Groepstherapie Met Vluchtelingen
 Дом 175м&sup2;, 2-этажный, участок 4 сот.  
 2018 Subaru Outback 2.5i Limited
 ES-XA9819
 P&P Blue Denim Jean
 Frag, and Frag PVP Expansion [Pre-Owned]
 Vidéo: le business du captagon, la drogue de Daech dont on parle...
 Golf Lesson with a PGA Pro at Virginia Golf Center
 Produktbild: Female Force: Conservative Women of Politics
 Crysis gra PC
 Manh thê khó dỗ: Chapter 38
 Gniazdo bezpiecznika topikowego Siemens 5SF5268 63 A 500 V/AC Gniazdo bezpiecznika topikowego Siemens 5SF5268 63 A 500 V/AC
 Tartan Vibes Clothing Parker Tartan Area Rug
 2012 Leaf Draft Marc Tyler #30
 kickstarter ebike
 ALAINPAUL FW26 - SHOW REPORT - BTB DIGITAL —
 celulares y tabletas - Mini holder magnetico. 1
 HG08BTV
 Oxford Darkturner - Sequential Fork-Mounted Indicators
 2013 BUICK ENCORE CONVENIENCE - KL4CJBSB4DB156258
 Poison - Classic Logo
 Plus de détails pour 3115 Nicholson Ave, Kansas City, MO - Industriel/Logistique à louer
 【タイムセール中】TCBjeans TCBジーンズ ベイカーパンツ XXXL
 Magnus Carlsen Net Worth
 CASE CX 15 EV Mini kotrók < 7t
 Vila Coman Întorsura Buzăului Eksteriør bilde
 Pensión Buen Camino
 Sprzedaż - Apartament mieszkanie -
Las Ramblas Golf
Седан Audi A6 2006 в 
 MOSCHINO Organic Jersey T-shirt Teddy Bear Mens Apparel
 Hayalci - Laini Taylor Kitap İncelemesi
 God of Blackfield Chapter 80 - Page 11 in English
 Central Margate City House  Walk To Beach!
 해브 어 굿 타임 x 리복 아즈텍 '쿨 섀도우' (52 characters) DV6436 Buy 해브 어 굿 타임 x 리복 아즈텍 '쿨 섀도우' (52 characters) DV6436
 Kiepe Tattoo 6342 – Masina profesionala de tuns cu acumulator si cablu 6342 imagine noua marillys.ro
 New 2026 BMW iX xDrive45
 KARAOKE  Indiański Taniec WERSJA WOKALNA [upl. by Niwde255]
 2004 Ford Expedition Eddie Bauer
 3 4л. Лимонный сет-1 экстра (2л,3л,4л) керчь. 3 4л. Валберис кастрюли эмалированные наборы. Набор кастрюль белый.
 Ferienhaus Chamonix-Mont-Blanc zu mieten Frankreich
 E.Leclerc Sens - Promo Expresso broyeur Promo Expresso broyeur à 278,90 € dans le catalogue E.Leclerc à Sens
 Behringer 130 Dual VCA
:::::
- **WHAT YOU NEED TO DO**
Copy the lines above exactly. Start with the line containing "Vidéo: le business", end with the line containing "2004 Ford Expedition Eddie Bauer", and include both.

- **REPLY**
 Vidéo: le business du captagon, la drogue de Daech dont on parle...
 Golf Lesson with a PGA Pro at Virginia Golf Center
 Produktbild: Female Force: Conservative Women of Politics
 Crysis gra PC
 Manh thê khó dỗ: Chapter 38
 Gniazdo bezpiecznika topikowego Siemens 5SF5268 63 A 500 V/AC Gniazdo bezpiecznika topikowego Siemens 5SF5268 63 A 500 V/AC
 Tartan Vibes Clothing Parker Tartan Area Rug
 2012 Leaf Draft Marc Tyler #30
 kickstarter ebike
 ALAINPAUL FW26 - SHOW REPORT - BTB DIGITAL —
 celulares y tabletas - Mini holder magnetico. 1
 HG08BTV
 Oxford Darkturner - Sequential Fork-Mounted Indicators
 2013 BUICK ENCORE CONVENIENCE - KL4CJBSB4DB156258
 Poison - Classic Logo
 Plus de détails pour 3115 Nicholson Ave, Kansas City, MO - Industriel/Logistique à louer
 【タイムセール中】TCBjeans TCBジーンズ ベイカーパンツ XXXL
 Magnus Carlsen Net Worth
 CASE CX 15 EV Mini kotrók < 7t
 Vila Coman Întorsura Buzăului Eksteriør bilde
 Pensión Buen Camino
 Sprzedaż - Apartament mieszkanie -
Las Ramblas Golf
Седан Audi A6 2006 в 
 MOSCHINO Organic Jersey T-shirt Teddy Bear Mens Apparel
 Hayalci - Laini Taylor Kitap İncelemesi
 God of Blackfield Chapter 80 - Page 11 in English
 Central Margate City House  Walk To Beach!
 해브 어 굿 타임 x 리복 아즈텍 '쿨 섀도우' (52 characters) DV6436 Buy 해브 어 굿 타임 x 리복 아즈텍 '쿨 섀도우' (52 characters) DV6436
 Kiepe Tattoo 6342 – Masina profesionala de tuns cu acumulator si cablu 6342 imagine noua marillys.ro
 New 2026 BMW iX xDrive45
 KARAOKE  Indiański Taniec WERSJA WOKALNA [upl. by Niwde255]
 2004 Ford Expedition Eddie Bauer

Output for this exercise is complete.